Hope completed a 27-minute burn of its main thrusters, slowing the spacecraft down enough to enter an initial “capture” orbit around Mars, at 10:57 a.m. EST, the Mohammed Bin Rashid Space Centre announced. Signals from the spacecraft confirming a successful orbital insertion arrived 11 minutes later.
The probe overcame the most critical part of its mission, the Mars Orbital Insertion (MOI) that involved reversing and firing its six Delta V thrusters to rapidly reduce its speed from 121,000 km/h to 18,000 km/h. During the 27-minute critical phase, the contact kept with the probe was kept to a minimum.
The Hope Probe is the first of three exploration missions to arrive to the Red Planet in February. China and the US are leading ambitious projects to Mars, scheduled to arrive on February 10 and February 18 respectively. Hope Probe’s arrival to Mars, after travelling 493m kilometres in a seven-month journey in space, marks the UAE’s 50th anniversary celebrations.
The probe, along with its three scientific instruments, is expected to create the first complete portrait of the Martian atmosphere. The instruments will collect different data points on the atmosphere to also gauge seasonal and daily changes.
Omran Sharaf, Project Manager of the Emirates Mars Mission, announced: “To the people of UAE and to the peoples of Islamic and Arab nations, we announce the success of the United Arab Emirates in (reaching) the orbit of the Red Planet. We thank God.”
The craft swung into a high Martian orbit, joining six spacecraft already operating around the planet — three US, two European and one Indian. Mission controllers had to pull off a series of delicate turns and power adjustments to manoeuvre the probe into position.
Sarah Al-Amiri, minister of state for advanced technology and the chair of the UAE’s space agency described the mission’s success as “a historic development and a fulfilment for the dreams of 200 engineers and scientists” who worked behind the scenes.

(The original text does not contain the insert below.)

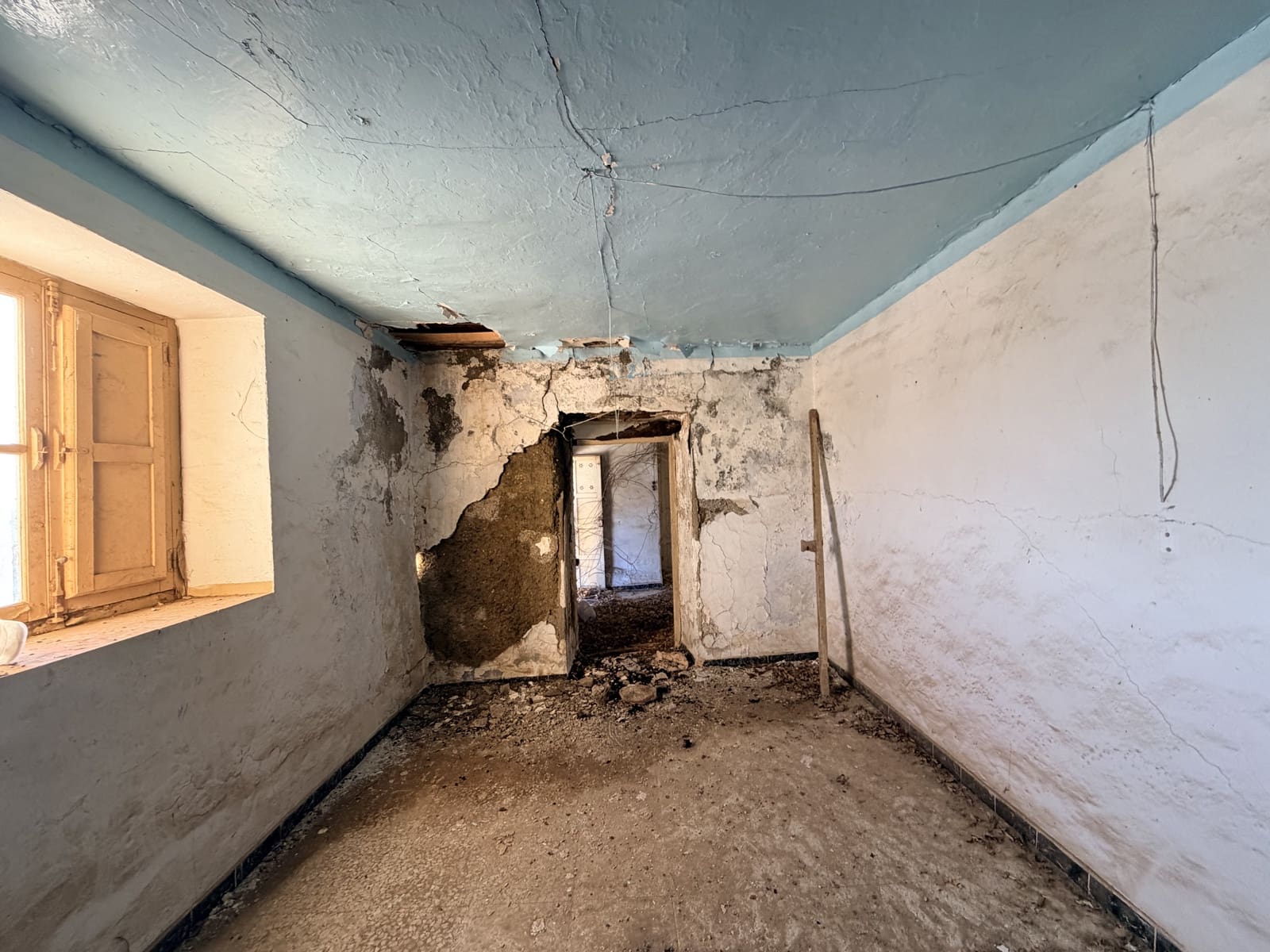 8 slaapkamer Huis te koop in Casarabonela - € 78.000 (Ref: 9449673)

Hailing the success of the mission, Mohammed bin Rashid Al Maktoum, Vice President and Prime Minister of the UAE and Ruler of Dubai, said: “The Hope probe’s historic arrival to Mars is the greatest celebration of the 50th anniversary of our country. It sets the beginning of the next 50 years with boundless ambitions and dreams.
“Our next accomplishments will be even bigger and greater. Our biggest success is building national scientific expertise who will contribute to the international science community.

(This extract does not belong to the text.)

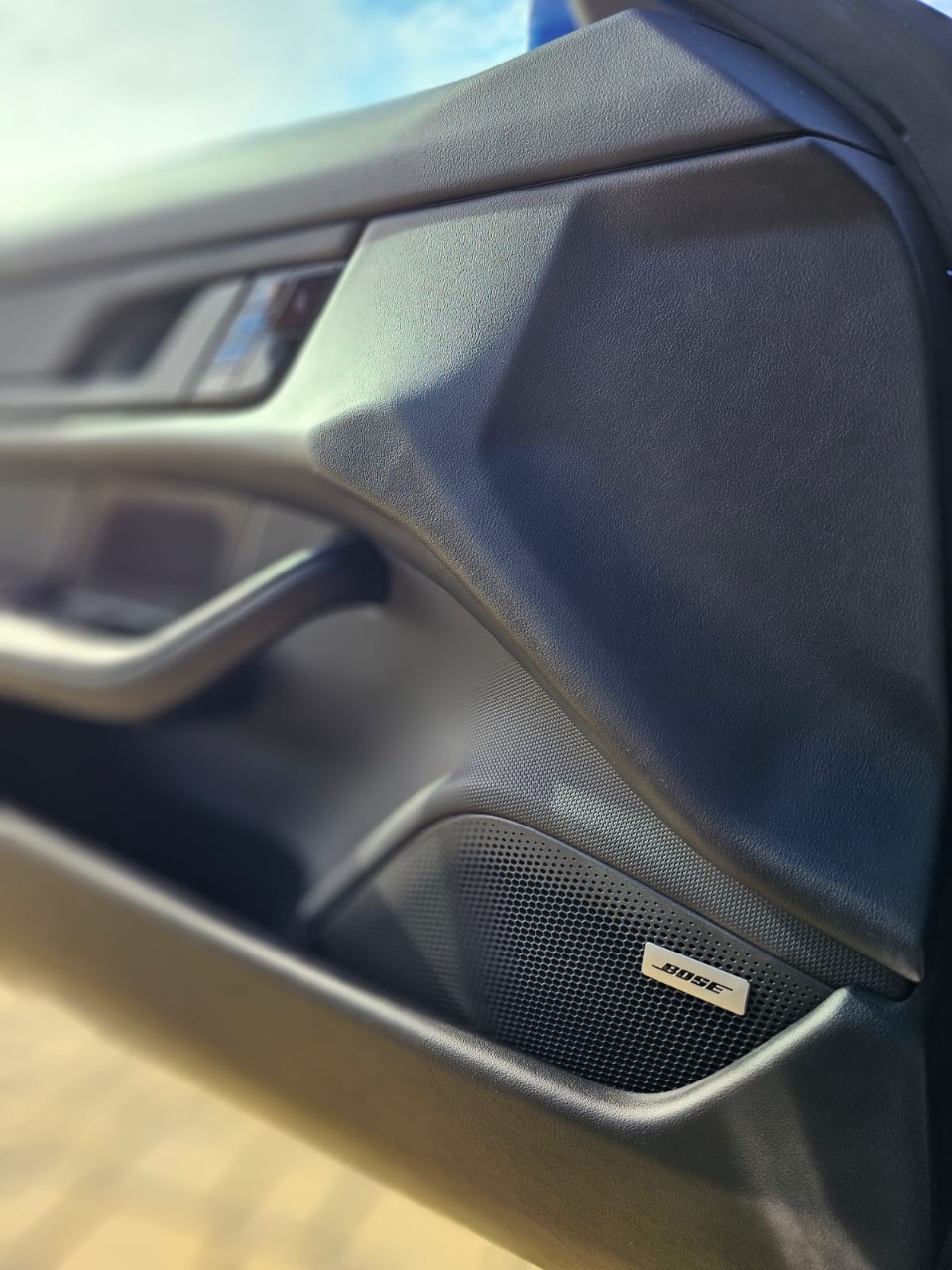 Porsche Taycan - фото 13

“We dedicate our Mars achievement to the people of the UAE and the rest of the Arab world. Our success proves that Arabs are capable of reviving the region’s legacy and status in the scientific sphere. We mark our country’s 50th anniversary by our Mars stop, and invite Arab youth to join the UAE’s science movement that marched at high speed.”

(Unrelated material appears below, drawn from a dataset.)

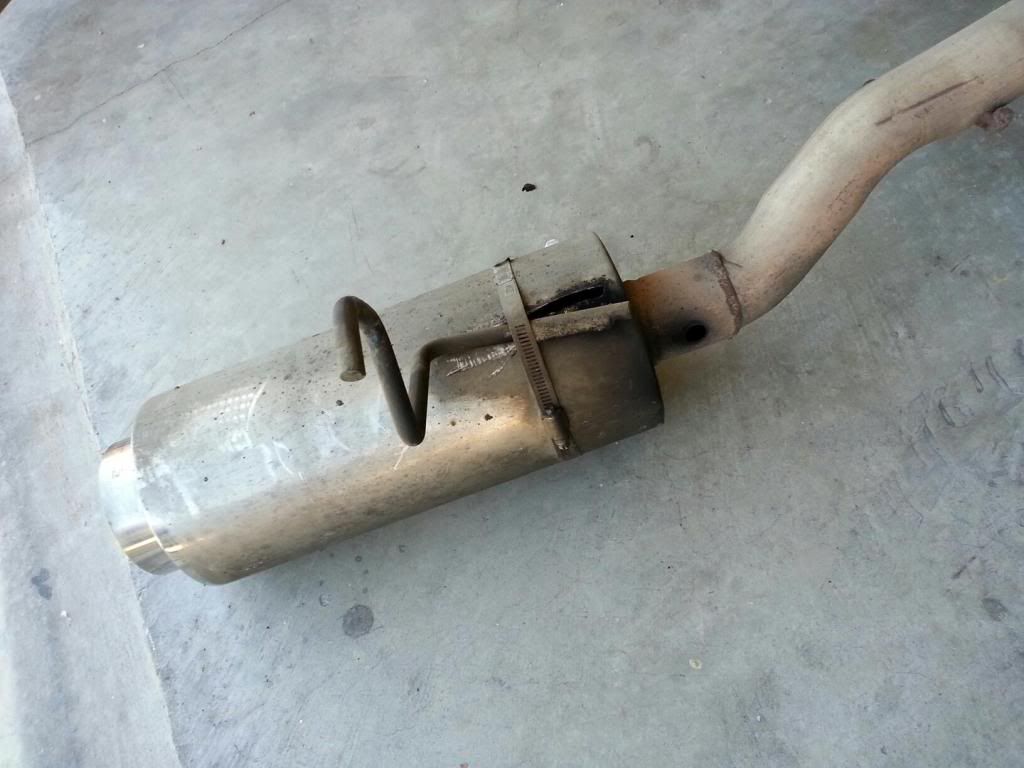 bustedexhaust_zps1019ec1f.jpg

Hope will complete one scientific orbit of the planet every 55 hours. This orbit will provide the first global picture of weather and atmospheric dynamics on Mars, which will be shared with the scientific community via the mission’s data centre.
The mission is expected to last two years, with the possibility of being extended for a third year. The probe will be in a different orbit from past spacecraft that have visited Mars.